● What this task involves
Look through the entries below and count every line in which "Graph" appears; reply with the number only.

-- The records follows --

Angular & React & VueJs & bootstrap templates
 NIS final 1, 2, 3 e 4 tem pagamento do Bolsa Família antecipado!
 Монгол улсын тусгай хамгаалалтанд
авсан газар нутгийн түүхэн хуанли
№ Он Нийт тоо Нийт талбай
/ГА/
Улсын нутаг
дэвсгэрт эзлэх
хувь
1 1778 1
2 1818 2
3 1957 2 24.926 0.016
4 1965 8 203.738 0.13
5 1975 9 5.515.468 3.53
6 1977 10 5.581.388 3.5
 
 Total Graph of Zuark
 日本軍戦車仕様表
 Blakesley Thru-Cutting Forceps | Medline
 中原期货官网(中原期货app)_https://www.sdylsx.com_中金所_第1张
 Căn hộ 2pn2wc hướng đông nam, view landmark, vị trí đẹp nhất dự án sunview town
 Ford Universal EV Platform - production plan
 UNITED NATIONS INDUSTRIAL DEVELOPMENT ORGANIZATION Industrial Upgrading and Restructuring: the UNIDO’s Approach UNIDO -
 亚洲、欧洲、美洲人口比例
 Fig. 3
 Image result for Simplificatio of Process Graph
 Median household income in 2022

-- The records concluded --

● Output of the exercise
2